In deze beschikking van het Gerecht in Eerste Aanleg van Aruba, gedateerd 13 november 2018, is het verzoek van de man tot vernietiging van de erkenning van de minderjarige behandeld. De man, die in persoon procedeerde, had eerder op 3 april 2018 een verzoek ingediend, maar het gerecht oordeelde dat niet was komen vast te staan dat hij door bedreiging, dwaling of bedrog was bewogen tot de erkenning. Dit leidde tot de conclusie dat de man niet-ontvankelijk moest worden verklaard in zijn verzoek, zoals bepaald in artikel 1:205 lid 1 aanhef en onder b en lid 3 van het Burgerlijk Wetboek (BW).

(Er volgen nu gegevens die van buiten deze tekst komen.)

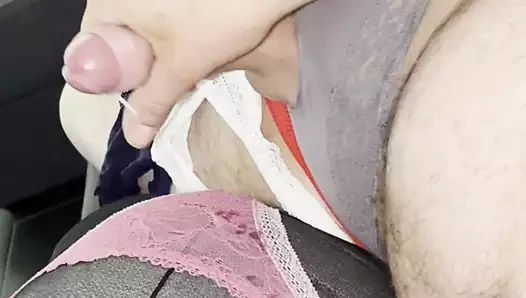 Büyük cumload içinde külot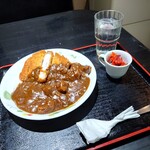 ほびーい喫茶店 - カツカレー 750円(税込)。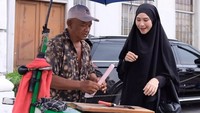 Punya hobi kulneran, Zaskia tak pilih-pilih makanan. Bahkan salah satu jajanan favoritnya ada es jadul yang dibelinya di pinggir jalan. Foto: Instagram @zaskiadyamecca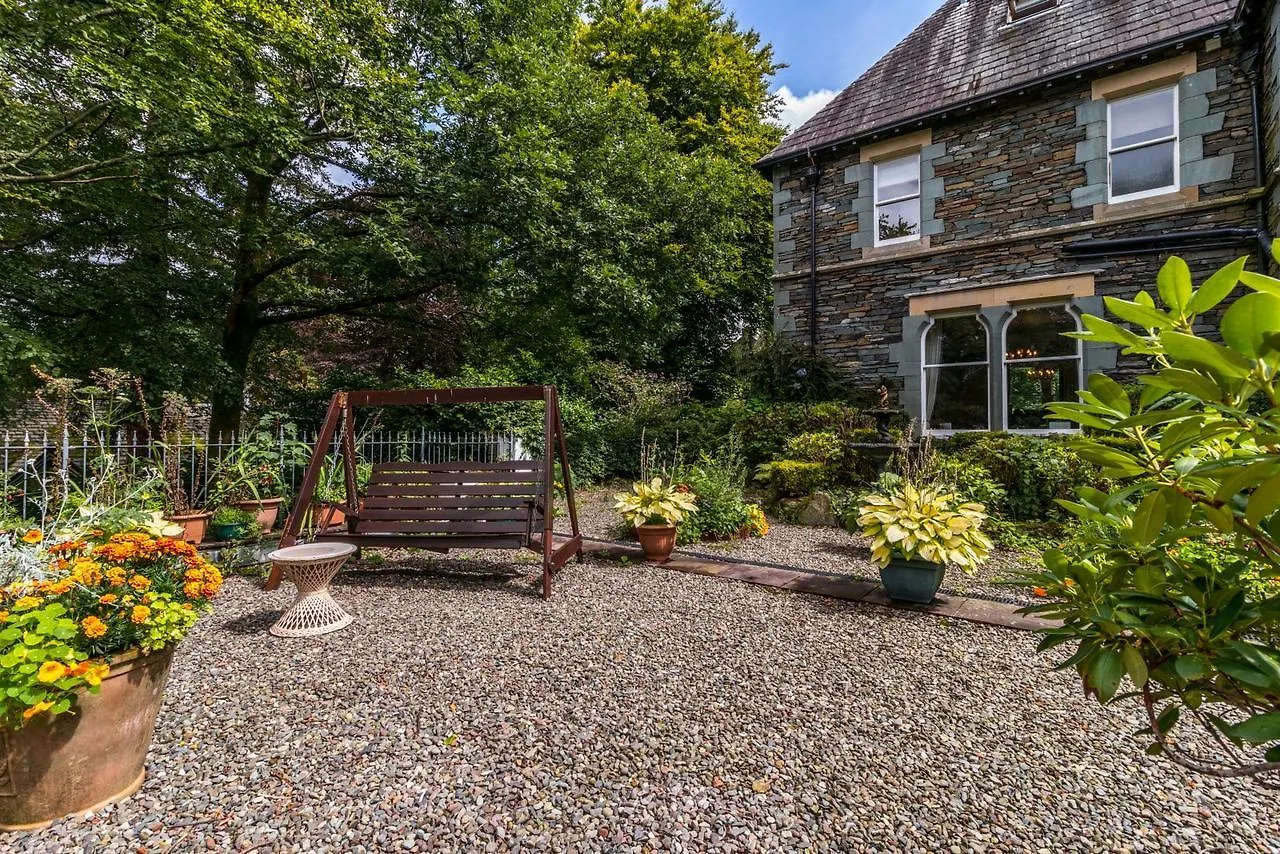 The Old Vicarage 4*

De Voogdijraad, vertegenwoordigd door een bijzondere curator, heeft tijdens de zitting aangegeven dat zij niet namens de minderjarige een verzoek tot vernietiging van de erkenning door de man zal indienen, omdat zij dit niet in het belang van de minderjarige achten. Het gerecht heeft vastgesteld dat de man niet de biologische vader is van de minderjarige, en volgens artikel 1:205 lid 4 BW kan de minderjarige zelf tot uiterlijk vijf jaren na haar meerderjarigheid een verzoek tot vernietiging van de erkenning indienen.
Uiteindelijk heeft het gerecht op 13 november 2018 de man niet-ontvankelijk verklaard in zijn verzoek, waarmee de erkenning van de minderjarige door de man in stand blijft. Deze beschikking is gegeven door rechter E.M.D. Angela in tegenwoordigheid van de griffier.